On Dec. 17, 2015, a well-known security blogger and reporter broke the story of this potentially massive and ongoing attack targeting Landry’s Inc., whose popular locations nationwide include Bubba Gump, Rainforest Café, Claim Jumper, McCormick & Schmick’s, and Morton’s Steakhouse. These are only some of the restaurants ultimately targeted by the attack. The company, under the leadership of Texas billionaire Tilman Ferttita, was quick to acknowledge the security breach. However, citing an immediate investigation, the company declined to make any statement regarding the scope of the attack’s timeframe or its number of affected locations and customers – information that the company had yet to provide until Friday’s statement.
Here’s what we know…
According to the statement, the attacks began targeting a number of the company’s “restaurants, food and beverage outlets, spas, entertainment destinations, and managed properties” as early as May 2014. The specific windows in which locations may have been affected were found to be from May 4, 2014 through March 15, 2015 and from May 5, 2015 through Dec. 3, 2015. In addition to the statement, Landry’s Inc. has published an online list of affected locations along with the respective timeframes in which each one was at risk, and while the company hasn’t specifically stated the number of locations breached, it’s not hard to do the math. The list includes multiple locations – sometimes in the dozens – of over 40 different restaurants nationwide.

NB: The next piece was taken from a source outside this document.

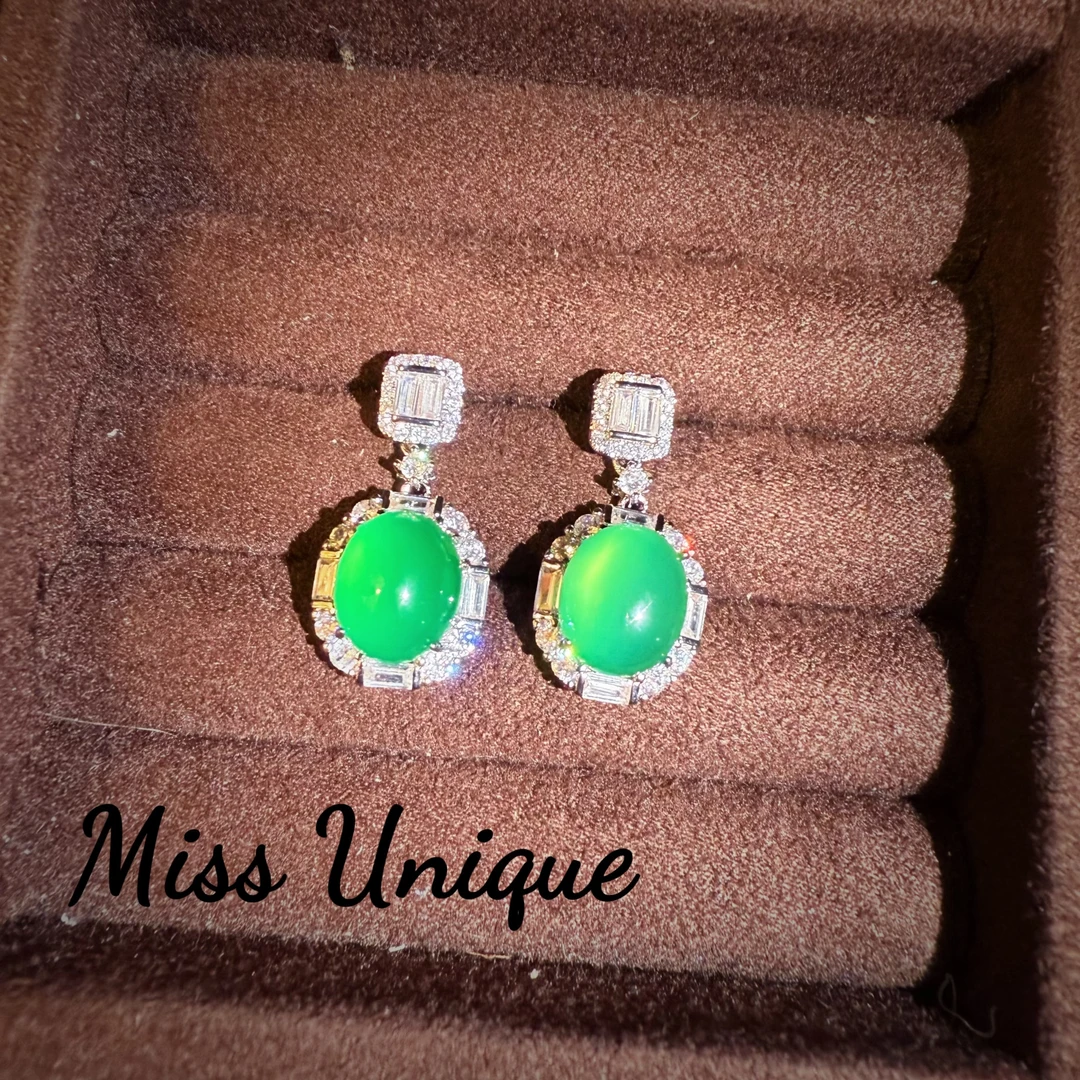 S6324绿石石蛋面圆形耳环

The investigation began promptly after Landry’s Inc. was alerted to patterns of suspicious activity regarding payment cards that had been legitimately used at some of the company’s locations. Findings conclude that identity theft perpetrators succeeded in criminally installing a program onto payment processing devices at many of the company’s business locations and managed properties. The program was designed to collect data from the magnetic strips of payment cards swiped on affected devices, including the cardholder’s name and the card’s number, date of expiration and internal verification code. This information could be encoded onto new, fraudulent credit cards which could then be used to make purchases at big box retailers such as Best Buy and Target.
Landry’s Inc. claims that the investigation utilized the expertise of a leading cyber security expert and included cooperation with payment card networks and law enforcement to address the problem as swiftly and thoroughly as possible. In addition, end-to-end encryption measures have been implemented to prevent similar attacks in the future (a system that was already in development prior to the company’s knowledge of security breaches), and Landry’s Inc. continues to support law enforcement’s ongoing investigation. Potentially affected customers are encouraged to vigilantly watch their account activity and report any suspicious activity right away in order to have fraudulent charges waived.